The second reading from the first letter of Peter, written in the late first century. The author reminds his hearers that while baptism enables a disciple to call God “Father,” God remains awesome and mysterious. As the sole source of all life and being, God alone can judge humans “according to each one’s works.” Throughout her or his life (“sojourning”), a disciple must live in holiness (“with reverence”), because God redeemed (“ransomed”) everyone from sin (“futile conduct”). By calling Jesus a “spotless, unblemished lamb,” the author connects the Passover images of God liberating Israel from Egypt; God ransoming Israel from slavery; and Jesus, as Passover lamb and God’s servant, redeeming humans from sin and death. God planned Jesus and his work “before the world’s foundation,” but Jesus was revealed to disciples “in the final time,” that is, the time between Jesus’ life, death and resurrection and his return in glory at the parousia. Because God raised Jesus, disciples have a sure basis for hope and faith in God. The Lectionary editors chose this reading because of its baptismal, paschal, and resurrection themes.

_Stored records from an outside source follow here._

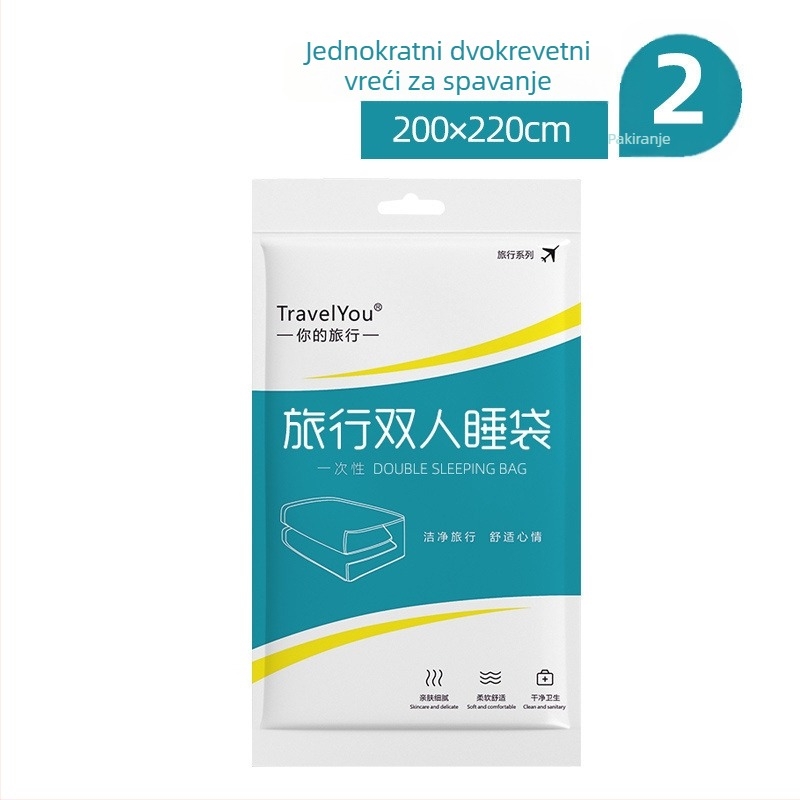 Putnički jednorazni set posteljine — 4 dijela, netkano vlakno, uključuje plahte, navlaku za pokrivač i jastučnice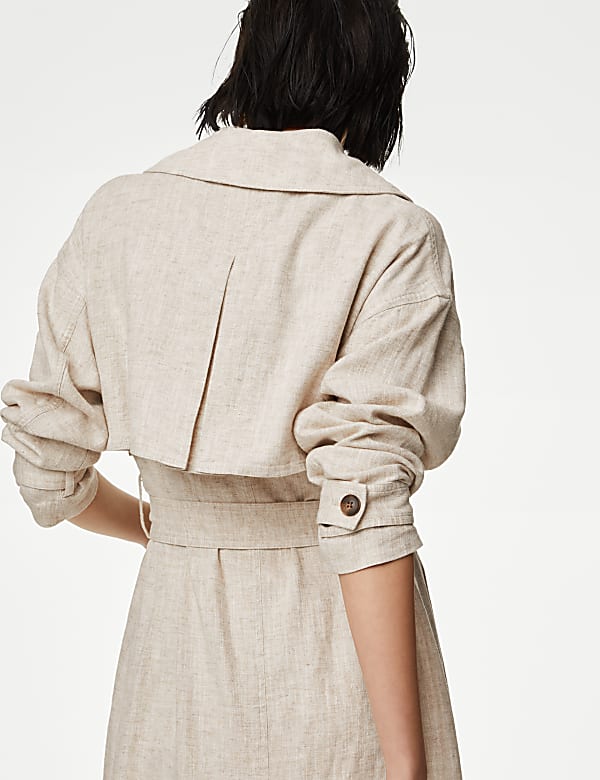 Linen Blend Longline Trench Coat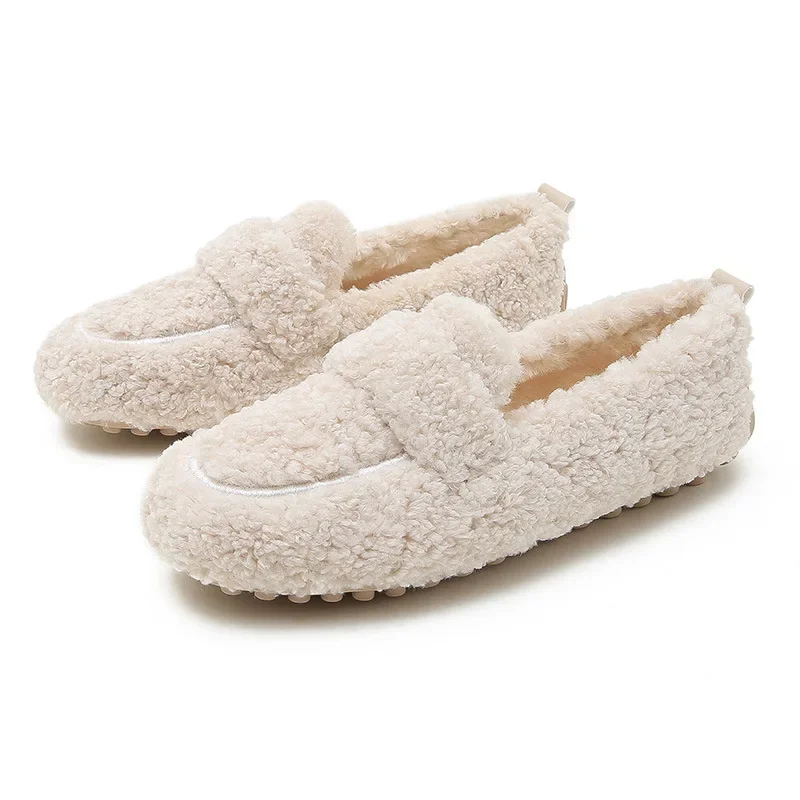 Stivali da donna in pelle di pecora con fondo spesso Capispalla autunno inverno Pantofole soffici slip-on di grandi dimensioni da 41 a 43 Suola in gomma 2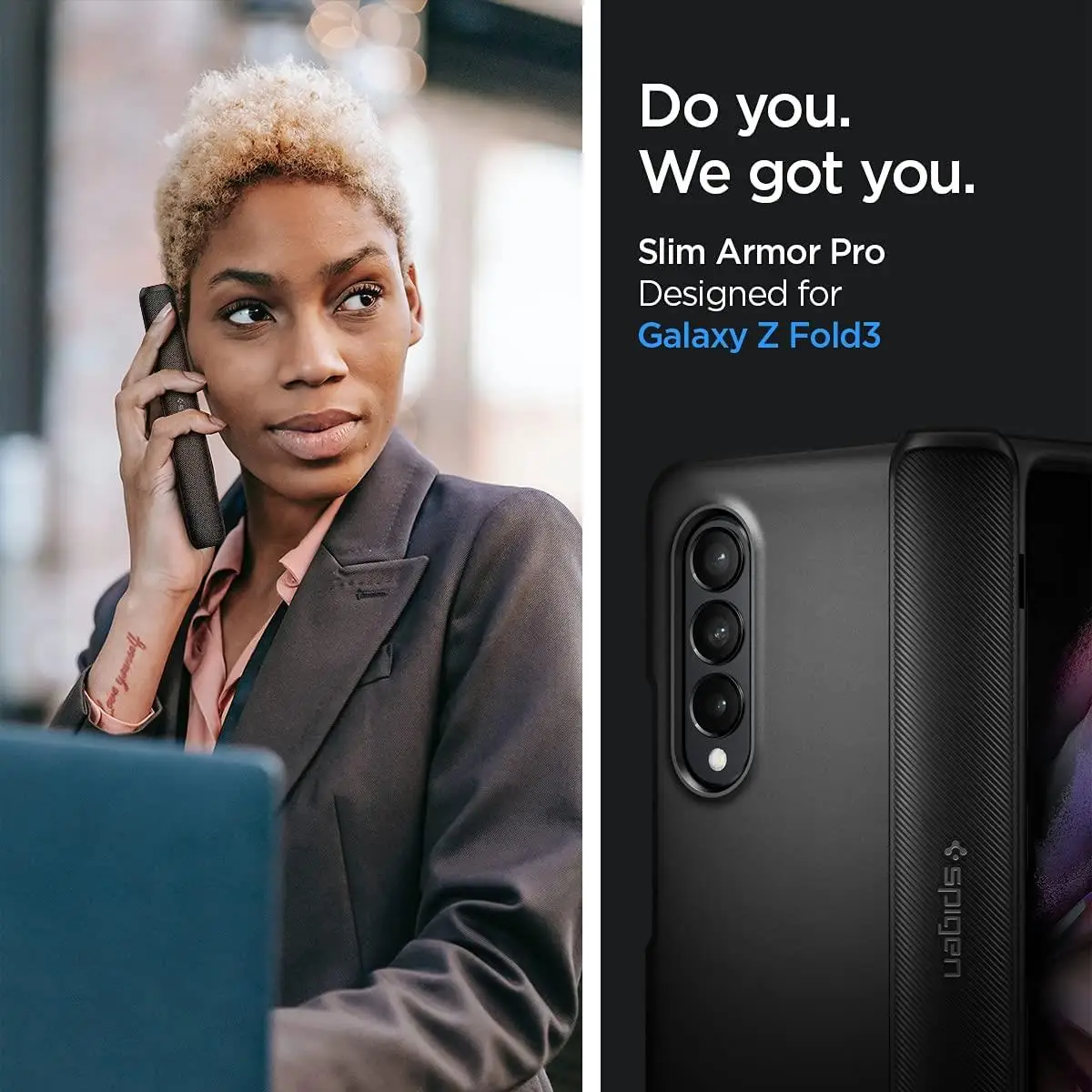 Najtaniej Spigen Slim Armor Pro Etui Do Samsung Galaxy Z Fold 3 5G-konstrukcja Zabezpieczająca Zawias MIL-STD 810G-516.6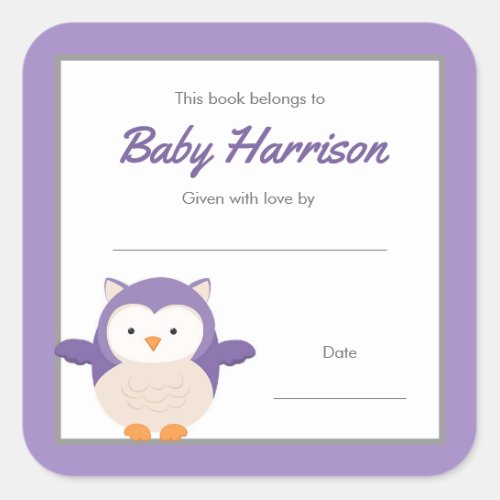 Purple Owl girl Bookplate sticker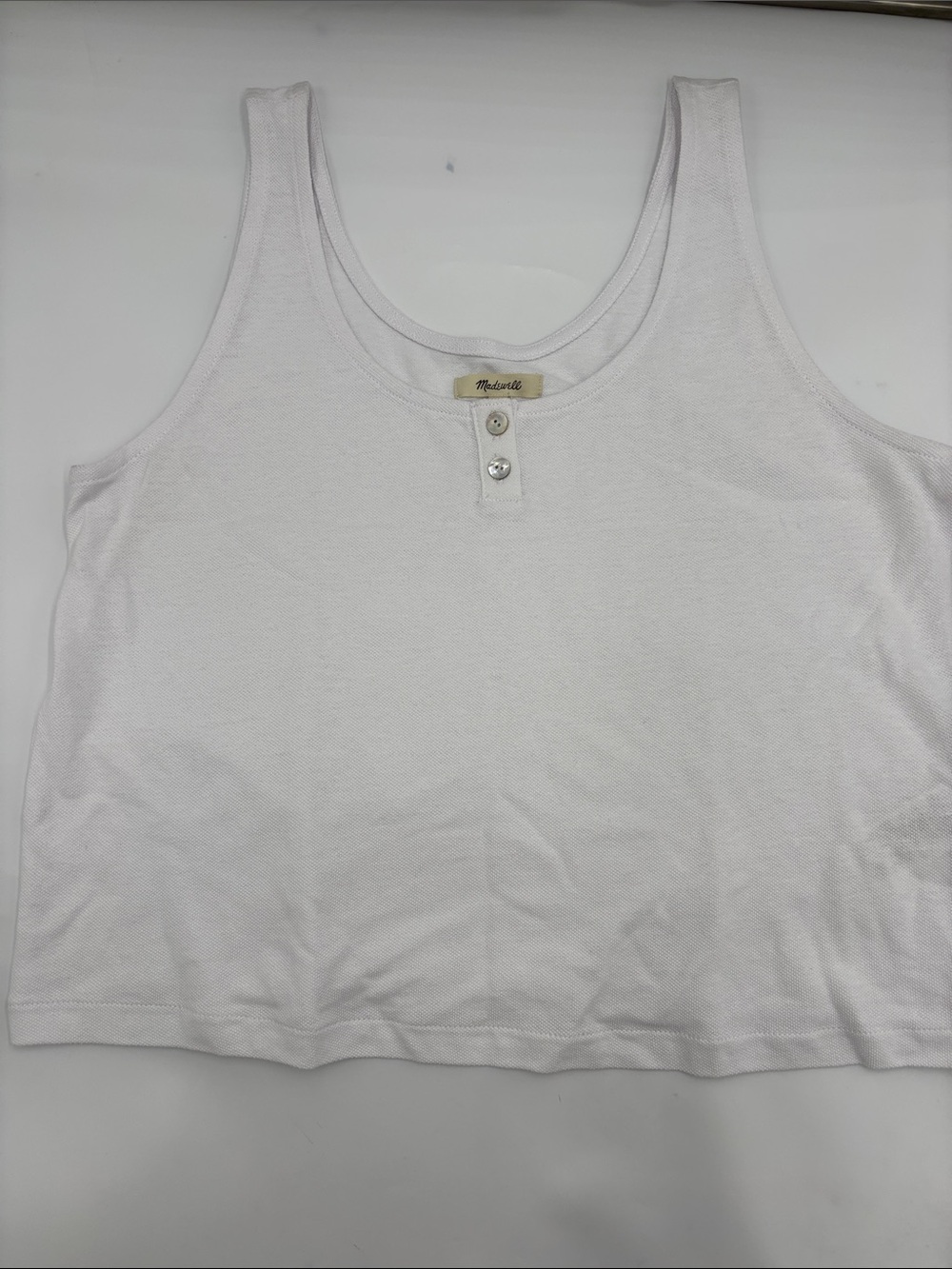 Madewell Pointelle Henley Tank Top in Eyelet White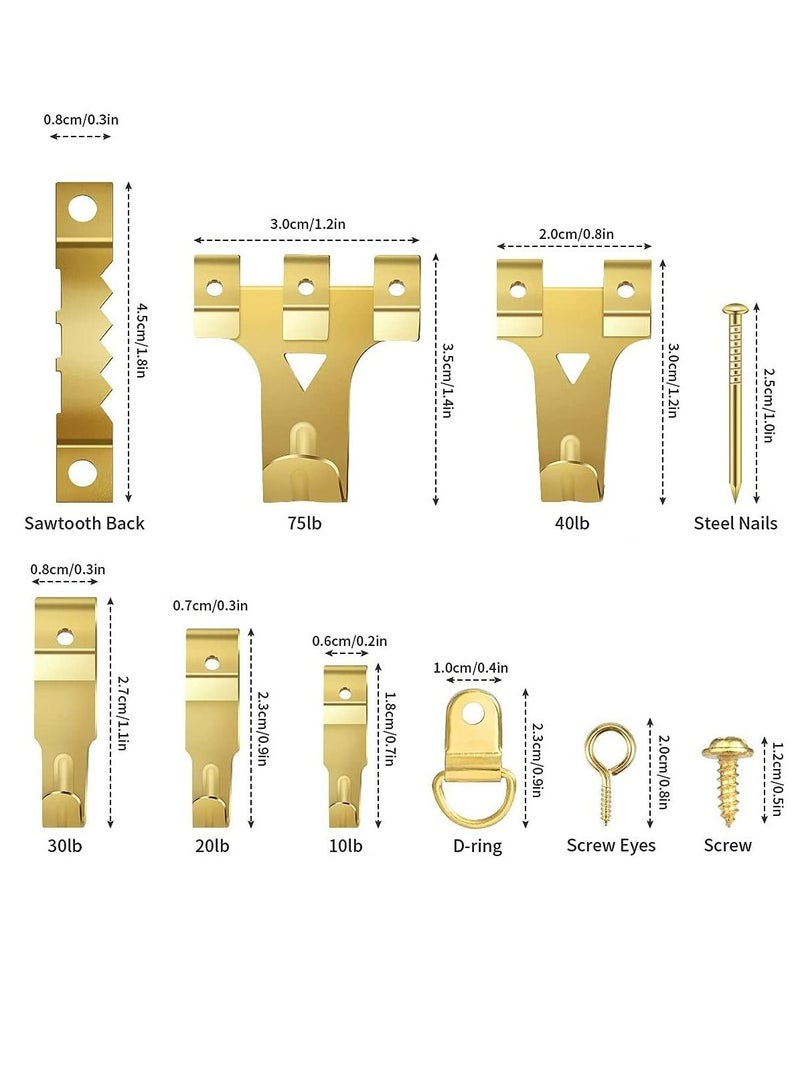 Picture Hooks, Hard Wall Picture Hanging Kit for Picture Frame Fixing Assorted Heavy Duty Picture Frames with 3M Wire Steel Hooks Sawtooth Hangers/ D-Ring/ Steel Wire/ Nails/ Screws（282PCS ） - Image 5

Luke’s gospel finds two sad and confused disciples leaving the believing community. Luke uses the “journey,” the “road,” or “the way” as a metaphor for discipleship. In this story, Jesus teaches the lost disciples how to recognize him.

  • “Breaking open” the scripture. The risen Jesus teaches the disciples the proper way to interpret the Torah texts. Luke makes it clear that to believe in Jesus requires a proper understanding of the scripture. Luke’s phrase “all that the prophets said” implies that the proper understanding for Jesus’ disciples is that all Hebrew scripture bears a prophetic, messianic significance. Jesus’ interpretation of Hebrew scripture is the model for all apostolic teachers who use proof-texts in their preaching.
  • Breaking the bread. The ritual pronouncement “take, bless, break, and give” echo Jesus’ words at the feeding of the five thousand (Lk 9:16) and at the Last Supper (Lk 22:19). When they see and hear this ritual formula, the disciples suddenly recognize Jesus’ presence with them. Luke wants his hearers to recognize how something of the same kind happens in their Eucharistic gatherings, in which the meaning of scripture is also made clear.

Luke’s appearance story shows how telling and reinterpreting builds both a community narrative and the community itself. In his gospel, Luke unites scattered appearance fragments of the women on Sunday morning, Peter, other visitors to the tomb, and the Emmaus disciples into a single, shared narrative: the Lord is risen.

Jesus’ resurrection has many meanings and many implications. The Easter season lasts six weeks, allowing us time to reflect on this cosmos-changing event. Peter’s Pentecost proclamation reveals the risen Jesus foretold in scripture. The author of Peter’s letter uses the Exodus story to explain Jesus’ redemptive act. At Emmaus, Jesus reveals how he remains present to and in the believing community. How does Jesus reveal himself to us? Are we startled and awe-filled by our sudden encounters with Jesus in our travels? Have we learned to find Jesus in words and sacraments? Do we reveal Jesus through our own community’s stories?